From the entries below, output the line with "1694 Millstone Road" and each following line up to and including the line with "Four Cheese Pasta", exactly as written.

Exercise data section start

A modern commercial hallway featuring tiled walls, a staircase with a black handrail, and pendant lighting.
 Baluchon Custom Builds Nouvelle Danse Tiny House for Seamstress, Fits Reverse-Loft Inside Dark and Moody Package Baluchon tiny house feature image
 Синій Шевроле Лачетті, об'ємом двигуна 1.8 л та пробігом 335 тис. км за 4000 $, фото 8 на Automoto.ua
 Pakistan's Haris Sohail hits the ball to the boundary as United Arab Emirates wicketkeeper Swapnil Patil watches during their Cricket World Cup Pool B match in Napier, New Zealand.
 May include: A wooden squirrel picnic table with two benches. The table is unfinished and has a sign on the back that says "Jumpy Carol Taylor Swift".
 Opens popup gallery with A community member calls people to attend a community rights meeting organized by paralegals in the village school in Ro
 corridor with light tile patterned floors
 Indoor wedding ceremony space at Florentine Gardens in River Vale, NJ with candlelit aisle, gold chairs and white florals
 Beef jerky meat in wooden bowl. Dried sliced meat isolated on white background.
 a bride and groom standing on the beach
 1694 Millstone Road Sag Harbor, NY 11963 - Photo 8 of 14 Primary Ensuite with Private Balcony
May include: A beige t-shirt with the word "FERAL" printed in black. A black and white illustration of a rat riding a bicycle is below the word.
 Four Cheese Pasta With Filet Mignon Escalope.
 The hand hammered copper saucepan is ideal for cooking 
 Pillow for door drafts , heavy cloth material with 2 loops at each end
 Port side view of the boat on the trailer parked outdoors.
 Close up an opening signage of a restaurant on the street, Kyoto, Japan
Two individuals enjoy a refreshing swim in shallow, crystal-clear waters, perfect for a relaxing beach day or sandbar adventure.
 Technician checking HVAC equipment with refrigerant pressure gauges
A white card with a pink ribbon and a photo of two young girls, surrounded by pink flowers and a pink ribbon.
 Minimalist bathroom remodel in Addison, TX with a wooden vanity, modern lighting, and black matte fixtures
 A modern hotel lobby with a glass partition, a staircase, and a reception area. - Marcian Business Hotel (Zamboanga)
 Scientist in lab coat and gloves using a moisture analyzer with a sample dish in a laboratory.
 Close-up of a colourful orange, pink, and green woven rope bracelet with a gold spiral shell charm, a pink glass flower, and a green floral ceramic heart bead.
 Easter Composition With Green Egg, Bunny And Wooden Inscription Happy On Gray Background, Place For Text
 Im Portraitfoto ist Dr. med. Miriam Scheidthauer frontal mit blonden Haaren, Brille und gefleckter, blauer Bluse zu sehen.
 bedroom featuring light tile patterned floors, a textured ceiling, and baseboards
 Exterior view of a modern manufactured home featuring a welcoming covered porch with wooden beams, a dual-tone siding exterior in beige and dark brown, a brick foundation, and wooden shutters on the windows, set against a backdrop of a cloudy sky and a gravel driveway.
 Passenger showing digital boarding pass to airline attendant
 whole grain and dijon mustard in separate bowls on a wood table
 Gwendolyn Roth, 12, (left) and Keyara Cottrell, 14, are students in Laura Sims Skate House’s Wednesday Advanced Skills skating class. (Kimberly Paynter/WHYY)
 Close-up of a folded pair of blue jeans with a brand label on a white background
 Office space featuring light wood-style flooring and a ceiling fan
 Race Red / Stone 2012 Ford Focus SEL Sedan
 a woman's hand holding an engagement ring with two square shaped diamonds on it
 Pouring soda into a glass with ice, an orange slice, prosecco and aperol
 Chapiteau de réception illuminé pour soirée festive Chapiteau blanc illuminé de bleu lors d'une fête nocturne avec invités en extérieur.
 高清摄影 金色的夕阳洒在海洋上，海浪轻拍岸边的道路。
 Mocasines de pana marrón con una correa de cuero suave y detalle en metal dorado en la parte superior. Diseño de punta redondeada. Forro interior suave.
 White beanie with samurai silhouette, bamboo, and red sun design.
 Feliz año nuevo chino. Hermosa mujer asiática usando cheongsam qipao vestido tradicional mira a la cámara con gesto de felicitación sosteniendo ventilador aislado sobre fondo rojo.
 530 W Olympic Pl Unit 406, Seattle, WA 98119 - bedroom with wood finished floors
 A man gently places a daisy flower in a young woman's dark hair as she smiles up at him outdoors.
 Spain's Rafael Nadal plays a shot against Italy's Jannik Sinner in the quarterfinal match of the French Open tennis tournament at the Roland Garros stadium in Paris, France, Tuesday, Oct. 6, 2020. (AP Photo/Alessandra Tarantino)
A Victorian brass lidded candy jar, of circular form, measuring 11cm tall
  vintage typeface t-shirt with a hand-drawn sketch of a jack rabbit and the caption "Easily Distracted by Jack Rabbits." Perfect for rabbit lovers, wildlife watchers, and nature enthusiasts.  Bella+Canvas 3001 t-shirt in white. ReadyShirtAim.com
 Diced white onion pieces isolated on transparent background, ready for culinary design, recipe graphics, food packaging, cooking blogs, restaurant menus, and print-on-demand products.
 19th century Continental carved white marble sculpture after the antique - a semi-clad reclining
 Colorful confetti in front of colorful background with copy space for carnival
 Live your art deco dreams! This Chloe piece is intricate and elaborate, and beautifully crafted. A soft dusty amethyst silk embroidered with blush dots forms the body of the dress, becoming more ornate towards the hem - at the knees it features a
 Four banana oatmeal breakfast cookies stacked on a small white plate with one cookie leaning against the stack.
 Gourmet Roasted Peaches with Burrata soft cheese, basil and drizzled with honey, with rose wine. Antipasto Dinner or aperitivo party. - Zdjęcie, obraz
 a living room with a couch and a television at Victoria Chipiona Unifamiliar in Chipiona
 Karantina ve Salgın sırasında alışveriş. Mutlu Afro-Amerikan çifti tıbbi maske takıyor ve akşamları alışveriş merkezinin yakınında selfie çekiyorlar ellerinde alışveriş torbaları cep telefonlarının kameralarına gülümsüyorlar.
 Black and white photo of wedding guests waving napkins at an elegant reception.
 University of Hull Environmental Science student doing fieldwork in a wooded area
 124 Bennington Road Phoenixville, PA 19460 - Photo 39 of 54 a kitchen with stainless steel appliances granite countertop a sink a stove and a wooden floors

Exercise data section end

[Task answer]:
 1694 Millstone Road Sag Harbor, NY 11963 - Photo 8 of 14 Primary Ensuite with Private Balcony
May include: A beige t-shirt with the word "FERAL" printed in black. A black and white illustration of a rat riding a bicycle is below the word.
 Four Cheese Pasta With Filet Mignon Escalope.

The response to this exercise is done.